Python: module scrapeRateProfs

scrapeRateProfs

Python Module for scraping reviews from RateMyProfessor. This module scrapes reviews about professors from a certain university from ratemyprofessor.com. Does this in the following steps: Step 1: Get the list of professors starting with each letter Step 2: Get the list of all reviews for that professor. Step 3: Get each review from that list. It also has the ability to be interrupted and (effectively) resume from where it stopped without having to redownload all the previous files. It does this by performs optimizations such as storing the webpages it has downloaded and compacting the downloaded pages into a format that is easy to process. Usage: scrapeRateProfs.py [-h] -sid SchoolID [-delay DELAY] -o OUTPUT -path PATH Inputs: -h, --help show this help message and exit -sid SchoolID ID of the school on RateMyProf -delay DELAY Amount of time to pause after downloading a website -o OUTPUT Path to output file for reviews -path PATH Directory where the webpages should be downloaded Key Outputs: - TSV File containing the review information. - TSV File containing the aggregate information for a professor. - Condensed set of information downloaded Formats are provided in the accompanying README

Modules

argparse
bisect
os
sys
time
urllib2

Functions


downloadToFile(url, fileName, force=False)
Downloads url to file Inputs: - url : Url to be downloaded - fileName : Name of the file to write to - force : Optional boolean argument which if true will overwrite the file even it it exists Returns: - Pair indicating if the file was downloaded and a list of the contents of the file split up line-by-line

getAllReviews(sid, outF)
The main function to get all the reviews from a school.

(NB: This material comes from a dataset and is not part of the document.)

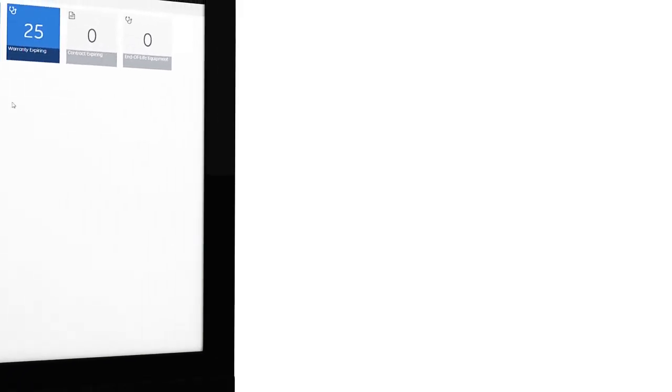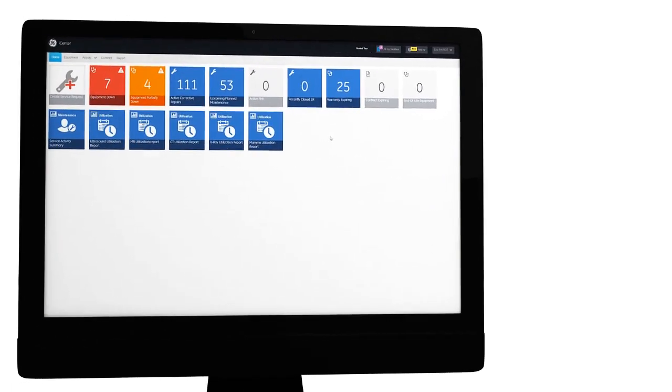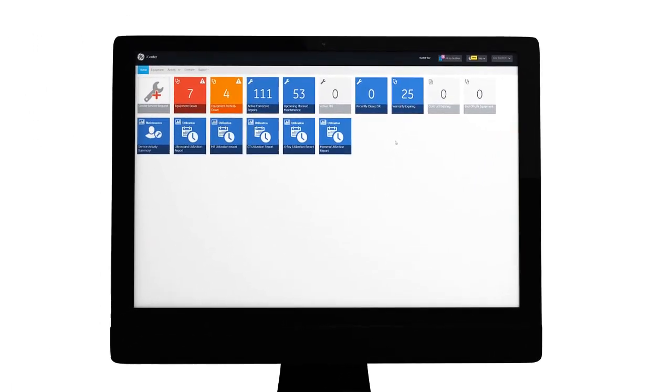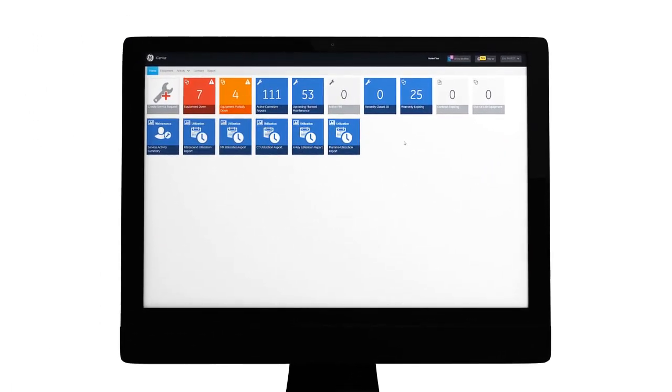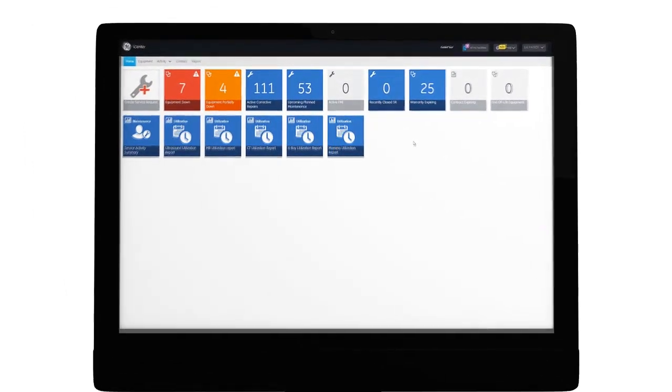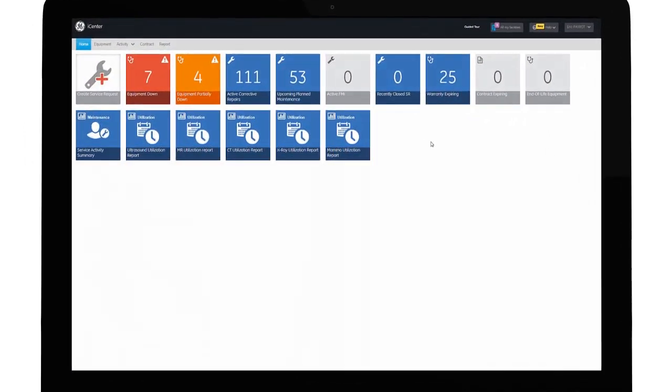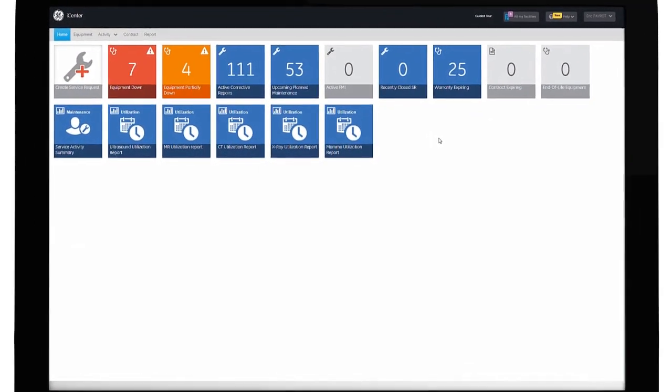Welcome to iCenter. iCenter is a secure online tool that provides visibility to asset operational and utilization data with 24/7 access.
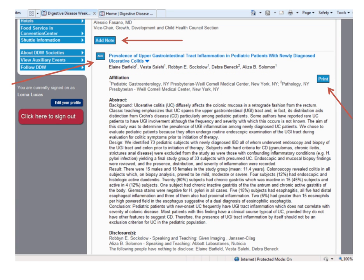You may now view the full text abstract below. You also have the option to add a note to this abstract. You can add the specific presentation/abstract to your planner. And you may also print this abstract.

getFileContentFromWeb(url)
Downloads data from a website Inputs: - url : Url to be downloaded Returns: - Content of url

getLinksFromList(plContents)
Extracts the links for the individual review pages of each professor Inputs: - plContents : Pruned contents of the professor list file. Returns: - Triplet containing 3 arrays, one for the professor names, the link to their review page and a boolean flag indicating if they have any reviews

getReviewsForProf(rurl, rname)
Gets the reviews and aggregate statistics for a specific professor.          Inputs: - rurl : Link to the review page for a professor - rname: Name of the professor (this will be unique)

pruneProfListFile(plContents, fileName)
Prunes the professor list file contents from the entire website to only what is required          Inputs: - plContents : Contents of the Professor List webpage - filename   : Name of the file to write the output to Returns: - Pruned content from the list page containing only information about the links to each individual professor's review page

pruneProfReviewFile(prContents, fileName)
Prunes the review page for a particular professor to only what is required namely the stats and the reviews Inputs: - prContents : Contents of the review webpage for a particular professor - filename   : Name of the file to write the output to Returns: - Pruned contents of the review page, which includes aggregate details of all reviews, as well as all individual reviews.